From her village in eastern India, 15-year-old Jyoti Kumari reflected on her desperate 1,200-kilometer (945-mile) bicycle journey home with her disabled father that has drawn international praise.
“I had no other option," she said Sunday. “We wouldn’t have survived if I hadn’t cycled to my village.”
Kumari said that she and her father risked starvation had they stayed in Gurugram, a suburb of New Delhi, with no income amid India’s coronavirus lockdown.
Migrant workers, who were stranded in the western state of Gujarat due to a lockdown imposed by the government to prevent the spread of coronavirus disease (COVID-19), wait to board a train at a railway station In Ahmedabad to leave for their home state of Uttar Pradesh, India. (Reuters)
India’s expansive railway system, the country’s lifeline, was closed to passenger service as part of the lockdown. Buses, planes and taxis were also banned. But earlier this month, the government resumed limited train travel for migrants wishing to return home.
For India’s economy, mostly composed of informal sector jobs, the lockdown has been crippling. The government has been easing restrictions in recent weeks to allow more people to go back to work.
Kumari heard about the special trains, but her father, unable to walk, wouldn’t have been able to reach the railway platform. So she decided they would bike.
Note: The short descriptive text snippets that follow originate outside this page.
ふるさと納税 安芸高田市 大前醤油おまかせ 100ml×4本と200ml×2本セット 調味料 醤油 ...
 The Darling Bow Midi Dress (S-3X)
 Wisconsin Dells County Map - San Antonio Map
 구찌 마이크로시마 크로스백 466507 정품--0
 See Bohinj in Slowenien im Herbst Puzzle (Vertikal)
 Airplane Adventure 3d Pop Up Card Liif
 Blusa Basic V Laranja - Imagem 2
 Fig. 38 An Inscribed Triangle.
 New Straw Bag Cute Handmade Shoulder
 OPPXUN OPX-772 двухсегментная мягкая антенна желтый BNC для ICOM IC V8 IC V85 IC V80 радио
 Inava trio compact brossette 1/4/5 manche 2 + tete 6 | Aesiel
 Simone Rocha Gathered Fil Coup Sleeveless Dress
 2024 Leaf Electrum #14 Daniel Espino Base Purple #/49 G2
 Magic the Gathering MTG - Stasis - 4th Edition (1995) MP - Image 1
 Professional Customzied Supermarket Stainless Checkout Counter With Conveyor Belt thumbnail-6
15 yr old Jyoti Kumari, carried her wounded father to their home village on the back of her bicycle covering +1,200 km over 7 days.— Ivanka Trump (@IvankaTrump) May 22, 2020
This beautiful feat of endurance & love has captured the imagination of the Indian people and the cycling federation!🇮🇳 https://t.co/uOgXkHzBPz
Kumari’s journey caught the attention of the Cycling Federation of India. The racing body, which sends teams to the Olympics, has offered to bring her back to New Delhi by train for a tryout next month. It also resonated in Washington, with President Donald Trump’s daughter Ivanka Trump calling it “a beautiful feat of endurance and love" on Twitter.
Kumari said that while she was happy with the recognition, she hadn’t cycled her father home in pursuit of fame.
“It was a decision taken in desperation,” she said.